1. Your IT team needs to plan for your project
. Let's face it: any software or Web project is going to touch IT somehow. Even something as simple as moving your website requires IT to do something. By bringing in IT early, you can allow them to plan to dedicate some of their resources to your project.
2. IT may not want the maintenance but will be called in anyway
. Matt's 7-hour car trip aside (7 hours in a car, 7 years as head of two IT departments -- same thing, right?), anyone in IT can tell you that, despite trying to get out of it, they'll have to help you out with maintenance of anything that touches computers. Very little is as frustrating as being surprised with product questions for a product you didn't know existed. Oh, and don't forget that the marketing department just might complain to executives that IT doesn't know what it's doing when IT can't answer that surprise question...
3. Marketing does not understand IT
. If you want IT's time and attention (you know you will need it at some point during the project), try to understand their priorities. Businesses cannot survive without their technology, so IT's primary purpose is to keep the virtual lights on. That puts your request at the end of a very long list. If you get IT involved in your decision-making process early on, you have a better guarantee of IT's resources when you need them.

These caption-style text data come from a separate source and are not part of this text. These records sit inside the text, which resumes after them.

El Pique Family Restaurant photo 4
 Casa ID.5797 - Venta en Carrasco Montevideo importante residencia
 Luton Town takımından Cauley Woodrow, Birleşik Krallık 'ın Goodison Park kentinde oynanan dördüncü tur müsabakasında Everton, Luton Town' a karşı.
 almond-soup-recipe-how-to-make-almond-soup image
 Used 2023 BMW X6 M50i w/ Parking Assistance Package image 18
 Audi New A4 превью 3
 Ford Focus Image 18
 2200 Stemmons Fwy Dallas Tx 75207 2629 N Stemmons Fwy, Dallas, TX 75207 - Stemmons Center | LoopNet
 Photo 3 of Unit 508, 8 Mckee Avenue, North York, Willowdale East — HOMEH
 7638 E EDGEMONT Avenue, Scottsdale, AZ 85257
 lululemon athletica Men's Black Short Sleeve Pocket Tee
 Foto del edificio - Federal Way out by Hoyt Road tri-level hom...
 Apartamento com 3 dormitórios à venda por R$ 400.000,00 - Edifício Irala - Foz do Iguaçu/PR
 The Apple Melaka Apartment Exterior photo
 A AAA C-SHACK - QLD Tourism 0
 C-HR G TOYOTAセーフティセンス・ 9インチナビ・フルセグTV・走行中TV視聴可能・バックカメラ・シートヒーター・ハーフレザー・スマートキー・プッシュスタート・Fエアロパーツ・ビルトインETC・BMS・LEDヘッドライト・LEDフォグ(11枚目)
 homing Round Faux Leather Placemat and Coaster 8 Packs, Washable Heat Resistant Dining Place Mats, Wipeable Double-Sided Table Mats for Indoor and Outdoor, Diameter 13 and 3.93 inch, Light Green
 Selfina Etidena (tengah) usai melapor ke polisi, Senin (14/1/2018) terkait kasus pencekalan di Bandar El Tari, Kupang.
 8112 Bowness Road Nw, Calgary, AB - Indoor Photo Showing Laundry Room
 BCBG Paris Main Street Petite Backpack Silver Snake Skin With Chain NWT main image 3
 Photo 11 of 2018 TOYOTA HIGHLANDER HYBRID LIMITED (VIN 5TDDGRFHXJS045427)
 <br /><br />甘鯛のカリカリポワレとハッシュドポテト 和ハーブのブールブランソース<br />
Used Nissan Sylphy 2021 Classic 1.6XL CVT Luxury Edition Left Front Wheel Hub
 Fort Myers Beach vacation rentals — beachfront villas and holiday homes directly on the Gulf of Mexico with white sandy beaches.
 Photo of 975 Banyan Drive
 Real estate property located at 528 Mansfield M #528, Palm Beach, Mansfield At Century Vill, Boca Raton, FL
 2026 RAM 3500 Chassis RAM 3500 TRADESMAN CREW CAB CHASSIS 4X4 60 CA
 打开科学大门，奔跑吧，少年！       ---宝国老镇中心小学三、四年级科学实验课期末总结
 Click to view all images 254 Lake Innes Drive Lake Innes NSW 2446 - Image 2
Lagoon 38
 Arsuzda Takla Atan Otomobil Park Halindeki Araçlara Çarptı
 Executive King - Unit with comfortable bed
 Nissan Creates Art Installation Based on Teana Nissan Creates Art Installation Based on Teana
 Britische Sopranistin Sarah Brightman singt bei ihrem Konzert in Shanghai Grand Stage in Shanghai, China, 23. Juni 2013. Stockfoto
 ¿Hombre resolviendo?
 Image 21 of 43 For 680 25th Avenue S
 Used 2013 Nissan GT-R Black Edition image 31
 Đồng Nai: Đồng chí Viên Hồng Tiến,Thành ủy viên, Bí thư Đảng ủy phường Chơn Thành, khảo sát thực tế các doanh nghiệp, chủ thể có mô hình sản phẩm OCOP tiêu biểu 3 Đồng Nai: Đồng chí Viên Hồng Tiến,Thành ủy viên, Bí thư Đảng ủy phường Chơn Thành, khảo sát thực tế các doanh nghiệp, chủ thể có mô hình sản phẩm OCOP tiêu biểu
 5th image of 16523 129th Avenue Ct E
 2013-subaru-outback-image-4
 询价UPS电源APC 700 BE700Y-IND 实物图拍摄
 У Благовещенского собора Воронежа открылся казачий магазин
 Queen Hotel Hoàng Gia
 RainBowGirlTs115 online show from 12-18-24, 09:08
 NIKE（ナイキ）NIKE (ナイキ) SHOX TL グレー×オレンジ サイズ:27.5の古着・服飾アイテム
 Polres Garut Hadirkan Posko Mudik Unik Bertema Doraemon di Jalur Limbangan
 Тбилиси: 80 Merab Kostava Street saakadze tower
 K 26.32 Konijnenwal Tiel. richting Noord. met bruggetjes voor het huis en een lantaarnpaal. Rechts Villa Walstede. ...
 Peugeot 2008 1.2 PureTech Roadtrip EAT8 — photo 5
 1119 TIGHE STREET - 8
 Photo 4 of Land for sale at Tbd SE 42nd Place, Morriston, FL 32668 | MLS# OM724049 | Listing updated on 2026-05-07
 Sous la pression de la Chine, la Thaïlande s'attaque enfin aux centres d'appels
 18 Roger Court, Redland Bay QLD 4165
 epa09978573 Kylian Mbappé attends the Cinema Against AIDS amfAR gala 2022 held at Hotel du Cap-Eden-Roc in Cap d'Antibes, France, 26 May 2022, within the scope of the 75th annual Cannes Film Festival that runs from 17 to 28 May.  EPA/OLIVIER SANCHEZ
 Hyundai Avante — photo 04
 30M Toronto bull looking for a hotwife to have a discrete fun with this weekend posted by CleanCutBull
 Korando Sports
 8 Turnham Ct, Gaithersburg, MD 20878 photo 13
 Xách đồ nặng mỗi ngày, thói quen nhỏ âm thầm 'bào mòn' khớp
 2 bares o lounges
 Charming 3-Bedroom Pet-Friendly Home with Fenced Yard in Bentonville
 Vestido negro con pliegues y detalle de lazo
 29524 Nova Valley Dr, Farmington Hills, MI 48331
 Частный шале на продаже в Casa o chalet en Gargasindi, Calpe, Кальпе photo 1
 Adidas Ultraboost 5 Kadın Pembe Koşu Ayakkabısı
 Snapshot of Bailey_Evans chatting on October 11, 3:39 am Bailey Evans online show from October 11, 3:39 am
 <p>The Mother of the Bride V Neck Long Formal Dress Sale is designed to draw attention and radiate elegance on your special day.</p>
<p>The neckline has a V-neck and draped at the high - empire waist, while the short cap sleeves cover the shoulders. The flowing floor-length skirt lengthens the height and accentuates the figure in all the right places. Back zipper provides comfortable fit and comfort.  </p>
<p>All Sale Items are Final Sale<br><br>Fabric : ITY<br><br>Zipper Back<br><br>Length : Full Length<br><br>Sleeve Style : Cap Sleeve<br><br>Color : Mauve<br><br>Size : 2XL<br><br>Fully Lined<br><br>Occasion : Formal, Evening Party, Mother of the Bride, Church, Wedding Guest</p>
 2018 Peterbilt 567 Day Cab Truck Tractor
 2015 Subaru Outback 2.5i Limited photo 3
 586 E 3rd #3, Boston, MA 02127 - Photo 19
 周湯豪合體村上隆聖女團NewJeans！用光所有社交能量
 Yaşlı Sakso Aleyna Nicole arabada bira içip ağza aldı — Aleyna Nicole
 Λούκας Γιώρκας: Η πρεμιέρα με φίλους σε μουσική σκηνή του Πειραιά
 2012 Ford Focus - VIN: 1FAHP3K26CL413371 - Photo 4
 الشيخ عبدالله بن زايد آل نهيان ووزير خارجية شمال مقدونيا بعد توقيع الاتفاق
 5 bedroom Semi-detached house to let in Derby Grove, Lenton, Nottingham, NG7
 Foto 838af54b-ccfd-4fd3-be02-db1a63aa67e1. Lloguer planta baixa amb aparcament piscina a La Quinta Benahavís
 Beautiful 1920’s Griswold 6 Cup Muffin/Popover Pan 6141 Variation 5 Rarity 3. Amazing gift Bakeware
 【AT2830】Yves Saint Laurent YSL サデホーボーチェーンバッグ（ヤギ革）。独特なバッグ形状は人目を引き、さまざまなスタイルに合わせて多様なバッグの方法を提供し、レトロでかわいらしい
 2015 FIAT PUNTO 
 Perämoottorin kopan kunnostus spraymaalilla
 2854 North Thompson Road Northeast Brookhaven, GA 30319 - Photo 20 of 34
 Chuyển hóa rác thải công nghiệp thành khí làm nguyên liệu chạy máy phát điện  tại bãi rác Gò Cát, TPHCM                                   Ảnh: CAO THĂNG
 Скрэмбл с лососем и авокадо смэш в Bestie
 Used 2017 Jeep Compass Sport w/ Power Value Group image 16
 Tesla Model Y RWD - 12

I agree with Matt that having
a full strategy
in place is the key to any large Web project. I even agree with Matt that IT should not make the final decision. However, failing to bring IT into the process after you've narrowed down your software choices to 3-5 different products or platforms practically guarantees failure. At the very minimum, it guarantees a lack of IT resources dedicated to you and continues to sour the already contentious IT/Marketing relationship.